At the Museum at Eldridge Street, I take thousands of students through the Landmark 1887 Eldridge Street Synagogue, the first great house of worship built by Eastern European Jews in America. As they explore the magnificently restored sanctuary, they step into history and grapple with the challenges faced by what was once the largest Jewish community in the world.
Out of all the student groups that come from both public and private schools, only a small percentage visit from Jewish day schools. As the Director of Education, this continues to surprise me. As a PresenTense fellow, I have been working to solve this mystery.
Four fifths of American Jews descend from the 19th century immigrant experience, yet how many Jewish day school students learn about this period? When I teach about this historical era, I am struck by the similarities between the Jewish immigrants 100 years ago and contemporary Jewish life.
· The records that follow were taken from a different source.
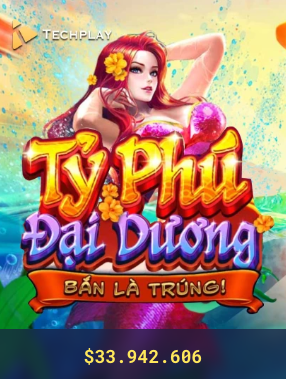 tỷ phú đại dương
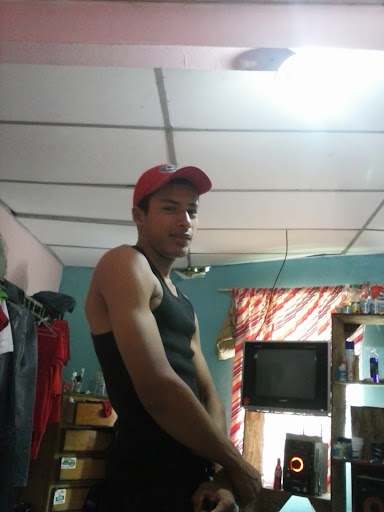 Santiago Aguirre Photo 12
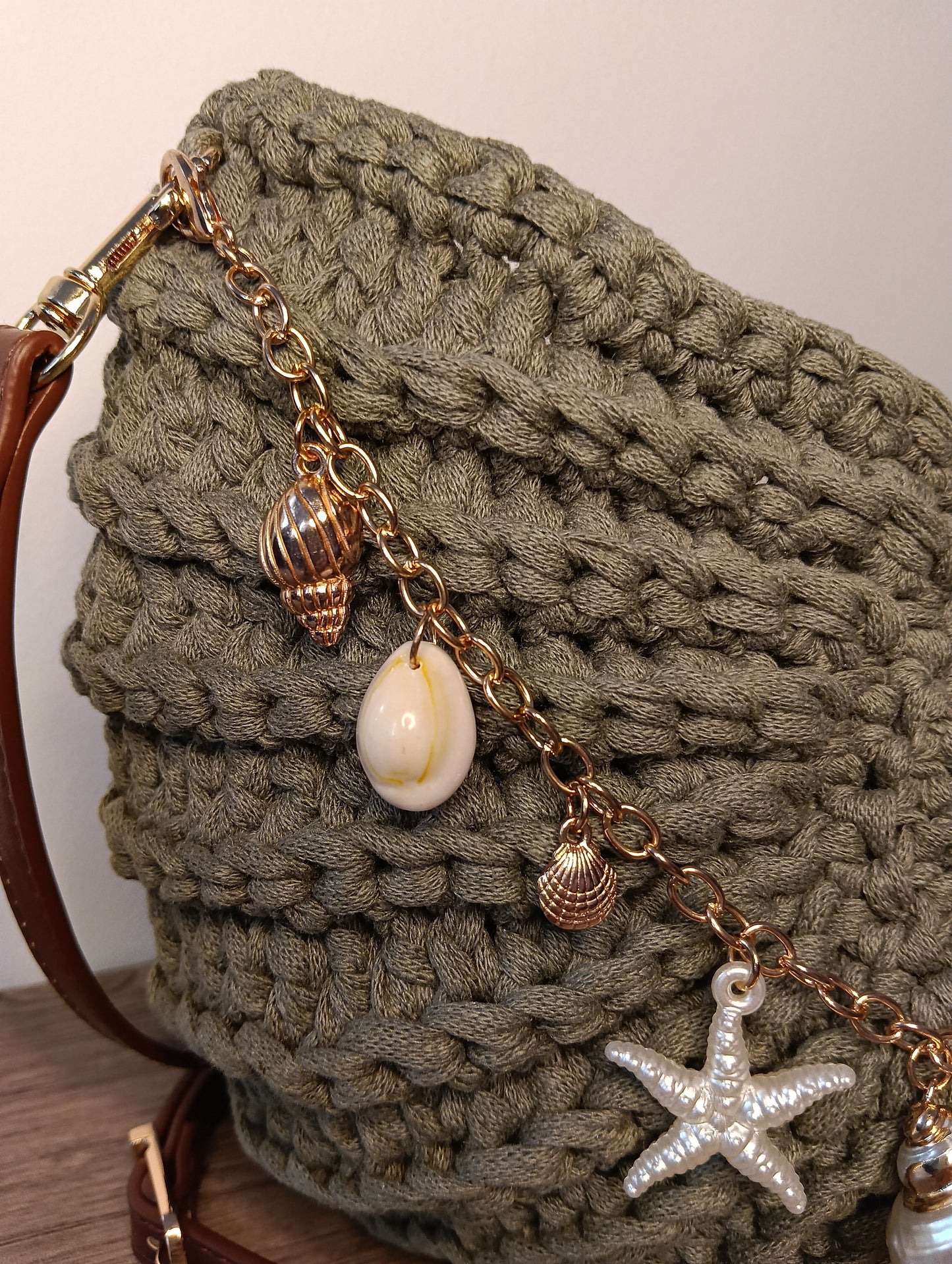Sac Coquillage 🐚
Just as Jewish immigrants debated which synagogue to attend, who to elect as community leaders and what role gender plays in ritual life 100 years ago, Jewish day school students are similarly confronted with these issues. Exploring these issues gives students insight into the development of American Judaism and new perspectives on their role as members of the Jewish community.
With over 5,000 years of Jewish history, figuring out which periods to study in the classroom can be daunting. What place do you think the 19th century Jewish immigrant experience should have within the day school curriculum? Is it extraneous or relevant?